In this post we will cover random walk based model proposed in Random Walk based Fake Account Detection in Online Social Networks to detect fake accounts.
The paper proposes a random-walk based method to detect fake accounts. The first step is to build a graph $G= (V,E)$ where a node $v$ represents a user and an edge $(u,v)$ indicates an interaction or a relationship between $u$ and $v$. For instance, the the online reviews setup an edge could mean $u$ and $v$ both reviewed the same product. The weights on the edge could depend on the strength of the relation/interaction (generally application dependent).

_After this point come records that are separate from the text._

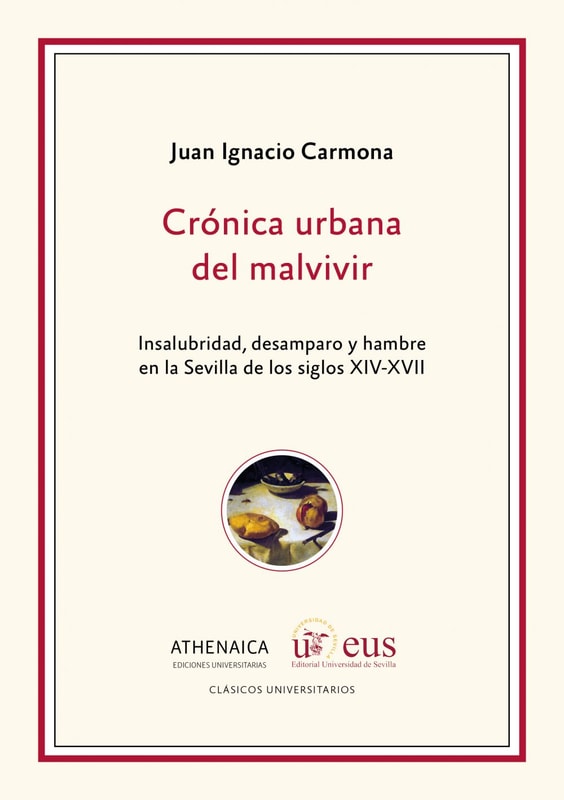 Crónica urbana del malvivir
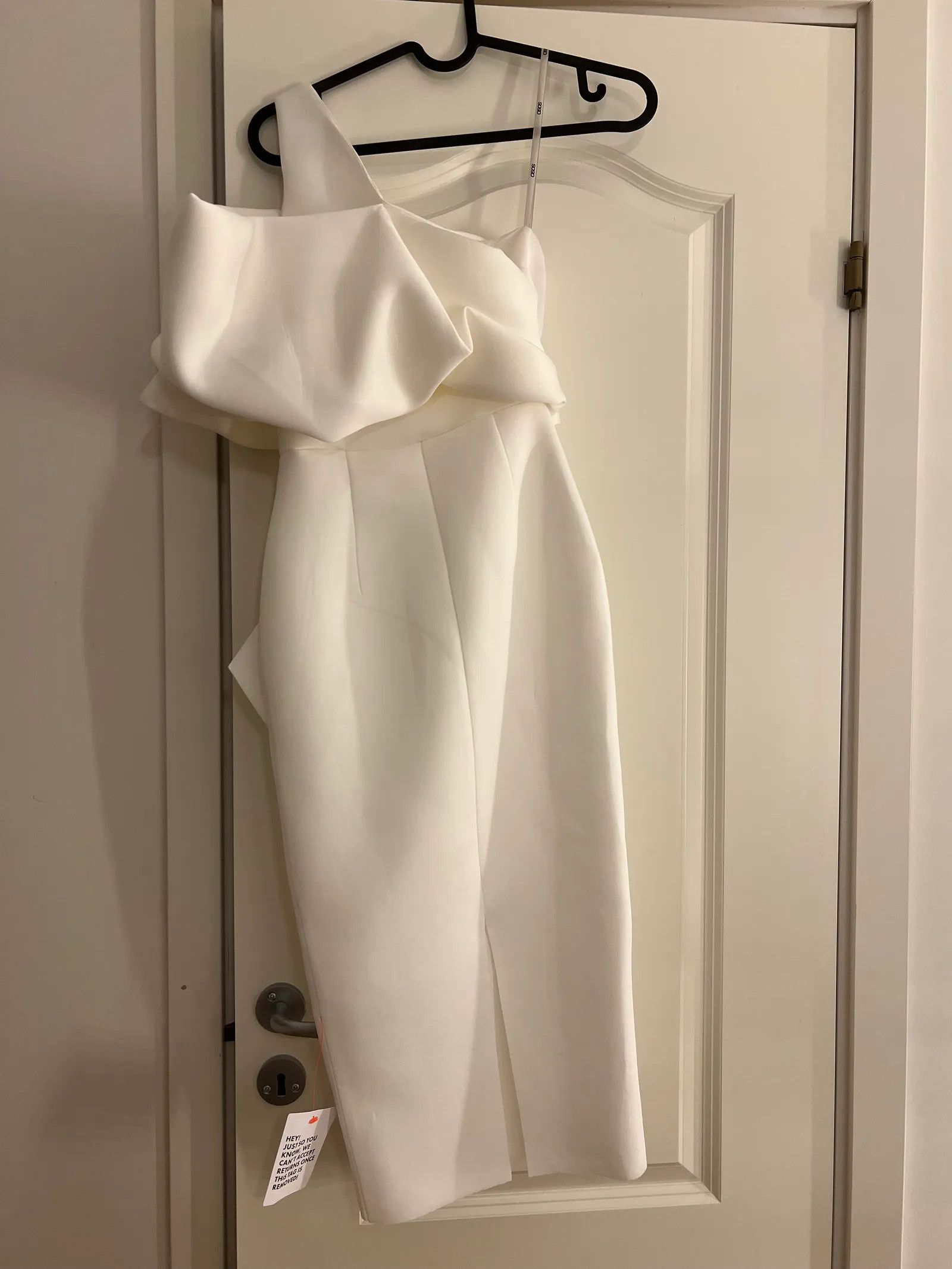 Asos Asos Dress Size XS / US 0-2 / IT 36-38 - 4 Thumbnail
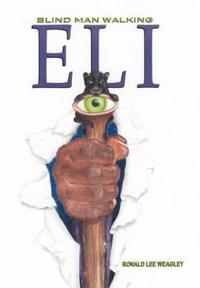 Kirjan kansi "Eli"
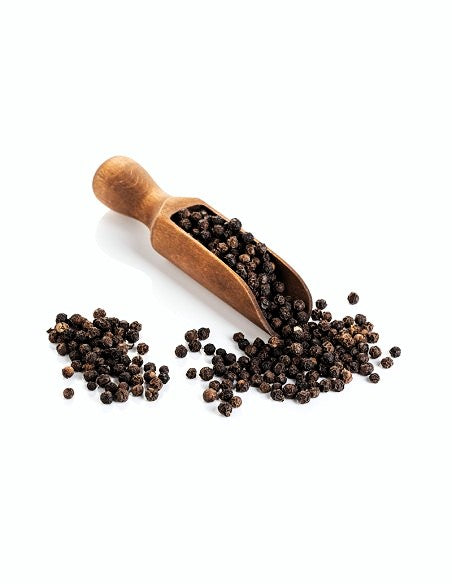 Pimienta negra A granel 50 gr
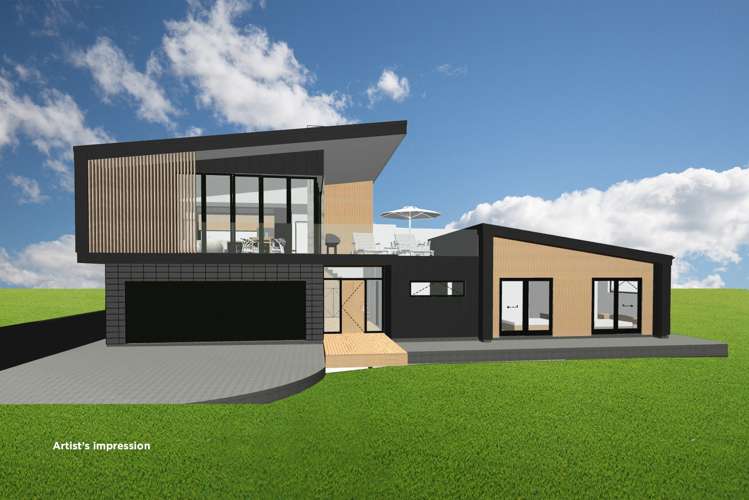 4 Hoheria Rise Wanaka_5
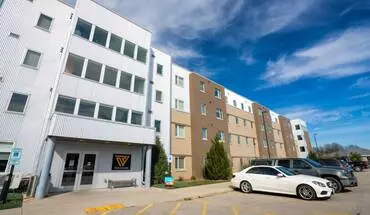 5 of 50 Tech Village Apartment for rent in Appleton, WI
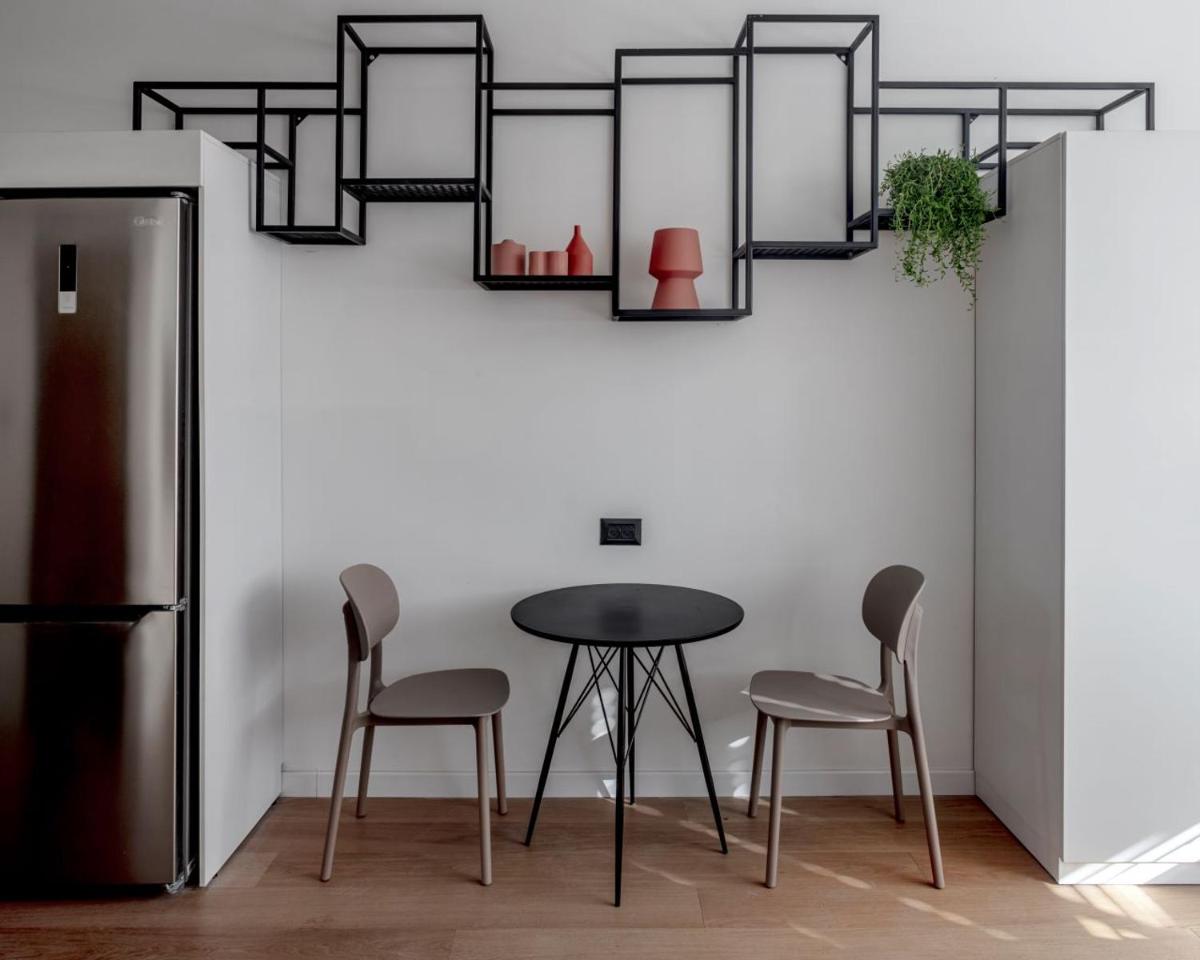 DeBlox living - Ben Avigdor Apartments - Housity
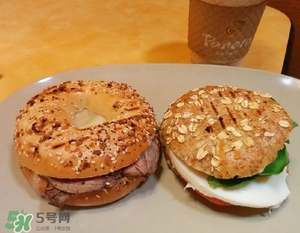 panera bread中國有嗎？panera bread有什么好吃的？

Detecting fake accounts or abusers is equivalent to assigning each user one of the labels benign or sybil. Where a benign label is for normal users and a sybil label is for abusers. In any system some users are verified (they can be trusted) while other others are known abusers (e.g., blocked by moderators). Hence, some users are already labeled and in order to label the remaining users we need to:
- Add two additional nodes to the graph; one for the benign label and the other for the sybil label.
- Add an edge between each labeled user and the corresponding label
The process is depicted in the example below:
Then, we want to generate a badness score that represents how likely a node is a sybil. Intuitively, the closer a node is to the sybil label, the higher its badness score should be.
Each node $u$ has a set of neighbors denoted as $T_u$, each node is connected by an edge with weight $w_{uv}$. We define the weighed degree of node $u$ as $d_u = \sum_{v\in T_u}w_{uv}$. The badness score of a node $u$ is defined as:
$$ p_u = \sum_{v \in T_u} \frac{w_{uv}}{d_u} p_v $$
i.e., the badness score of a node $u$ is a weighted sum of the badness score of its neighbors. Because the badness score of the nodes in $T_u$ also depends on their neighbors we need an iterative algorithm such that at the $t$th iteration the badness score is:
$$ p_u(t) = \sum_{v \in T_u} \frac{w_{uv}}{d_u} p_v(t-1) $$
The algorithm keeps iterating until the change in the badness score between two iterations does not change. The algorithm is summarize below:
Input: Graph G = (V,E)
Output: badness score for every user node u.
Initialize:
$\hspace{2em}$ $p_u(0) = 0.5$ for every user node u.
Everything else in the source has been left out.